Slater, Beede make Giants' future look bright

Second baseman goes yard off Petit, righty tosses scoreless frame in prospects' game

Slater, Beede make Giants' future look bright

SCOTTSDALE, Ariz. -- Two members of the Giants' 2014 Draft class deepened the organization's optimism on Saturday.

Performing for a team comprised of prospects from Minor League camp, Tyler Beede, San Francisco's No. 1 (21st overall) selection in last year's First-Year Player Draft, pitched a scoreless second inning. Second baseman Austin Slater, an eighth-round pick, belted an opposite-field, fourth-inning homer off Giants starter Yusmeiro Petit. Those were among the highlights in a 2-2, nine-inning tie at Scottsdale Stadium between "The Future Giants," as Beede, Slater and their mates were dubbed, and a San Francisco split-squad.

"It gives you a vision of what's going to happen in the future," said Beede, articulating the afternoon's theme.

Employing a lineup that included projected regulars Nori Aoki, Joe Panik, Angel Pagan, Brandon Belt and Brandon Crawford, as well as veterans Hector Sanchez and Joaquin Arias, the mostly big league Giants mustered five hits, including three through eight innings. The Futures frequently changed looks against the Giants by using a different pitcher in each inning, while blanking San Francisco for six innings.

Slater homers to right

Part of that group was Beede, the right-hander from Vanderbilt University, who is ranked as the Giants' No. 4 prospect by He initially looked shaky, as Belt lined out to right field, Crawford scorched a single and Sanchez walked. Beede quickly righted himself by retiring Arias and Gary Brown on popups.

"It was a really, really cool experience," said Beede, 21. "Once you hear over the sound system who's coming to the plate, [you think of] the careers that they've had, obviously [including the] World Series and such. It's an honor to face those guys.
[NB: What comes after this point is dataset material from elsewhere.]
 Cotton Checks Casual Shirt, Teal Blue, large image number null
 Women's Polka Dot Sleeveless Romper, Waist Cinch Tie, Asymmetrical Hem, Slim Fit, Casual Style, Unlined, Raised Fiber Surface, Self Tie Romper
At the same time, you have to compete, and you want to compete against those guys and show them what you have."

As is the case with most young pitchers, Beede has been striving to gain consistency with his mechanics, daily routine and preparation -- "so that when I go out there, everything's the same, and I can control what I need to control," he said.
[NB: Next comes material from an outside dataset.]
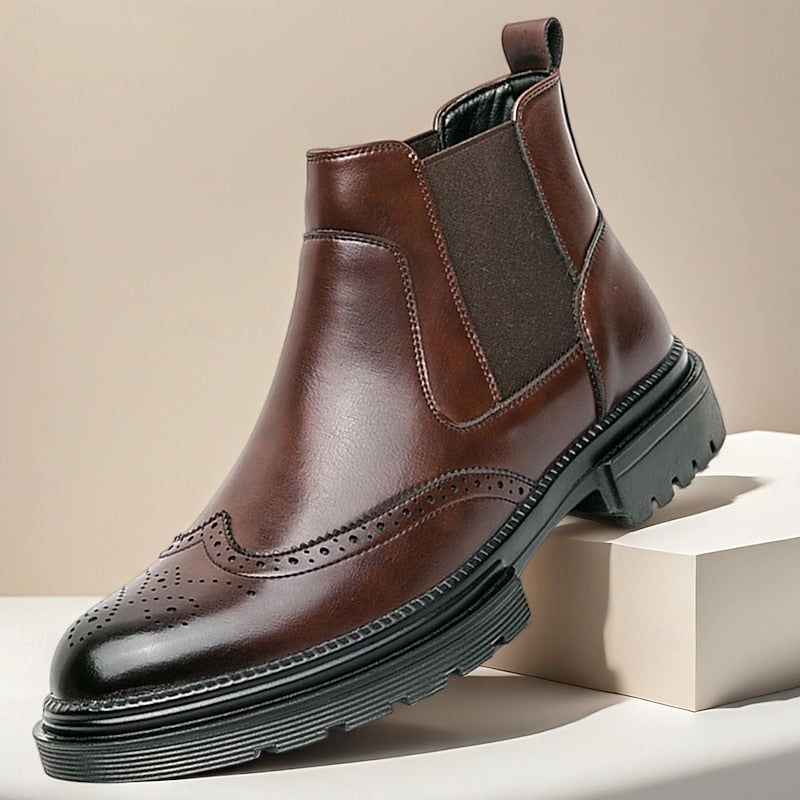 Arvind | Women's Chelsea Ankle Boots with Brogue Detail - Brown - Image 1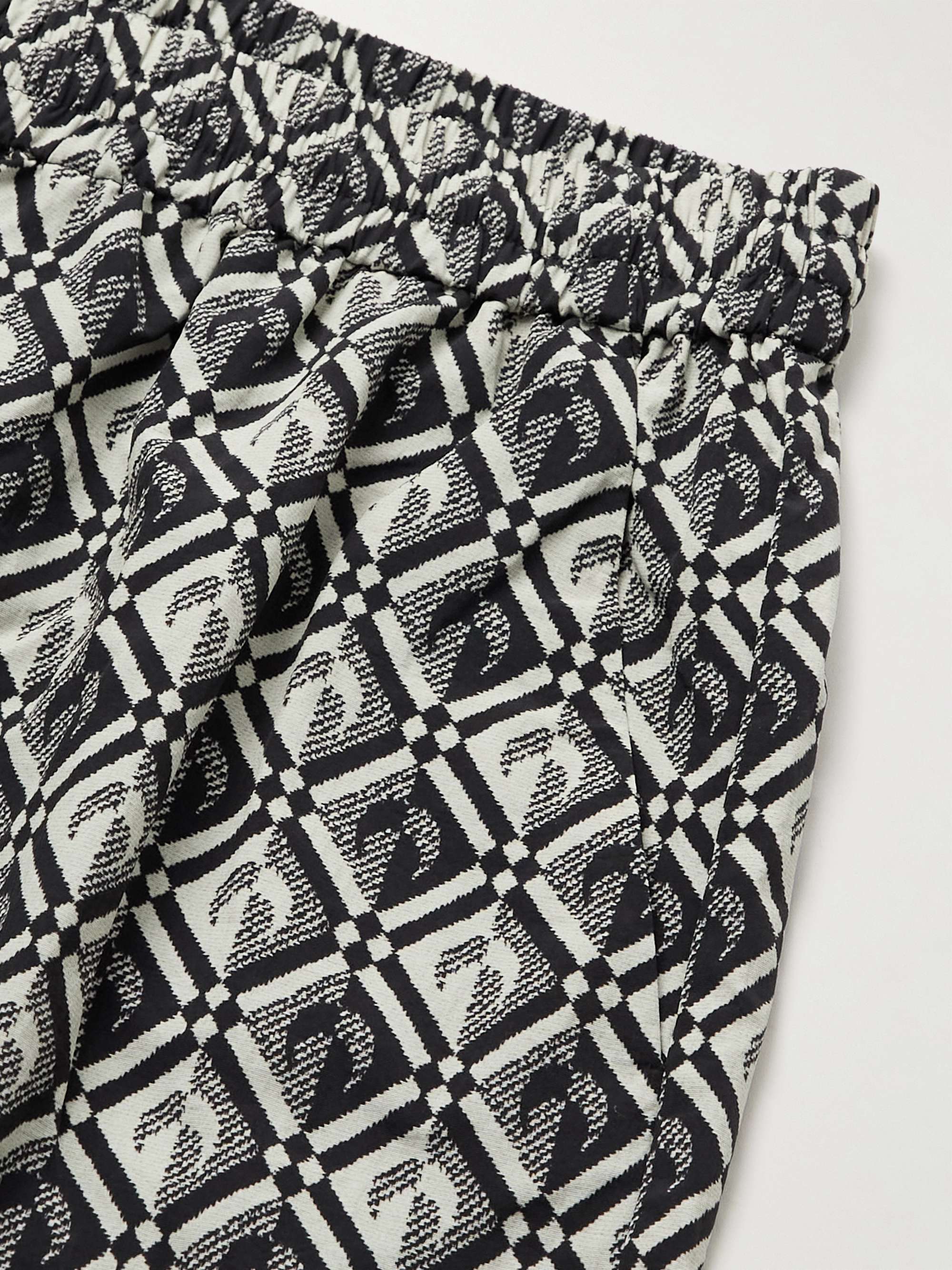 MARINE SERRE Moon Straight-Leg Printed Recycled-Moire Track Pants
Having relied on a four-seam fastball, a changeup and a curveball in college, Beede has added a sinking fastball and a slider to his repertoire, the better to keep his deliveries low.

Petit, who lasted five innings, long ago gained the steadiness that Beede seeks. But Petit wasn't precise enough, as the right-handed-hitting Slater sliced the first pitch he saw over the right-field barrier to open the scoring.

Less than a year removed from Stanford University, Slater sounded like a seasoned pro: "Against a guy like Petit, he has a great cutter. So I was thinking of going the other way the entire day," said Slater, who hit a combined .346 last year for both of San Francisco's Rookie-level affiliates. "He left one up on me."

Slater, 22, couldn't hide his enthusiasm. "It was a dream come true to play against those guys on the other side of the field," he said. "I wasn't really expecting that, getting drafted last year. Very cool. [I'm] thankful."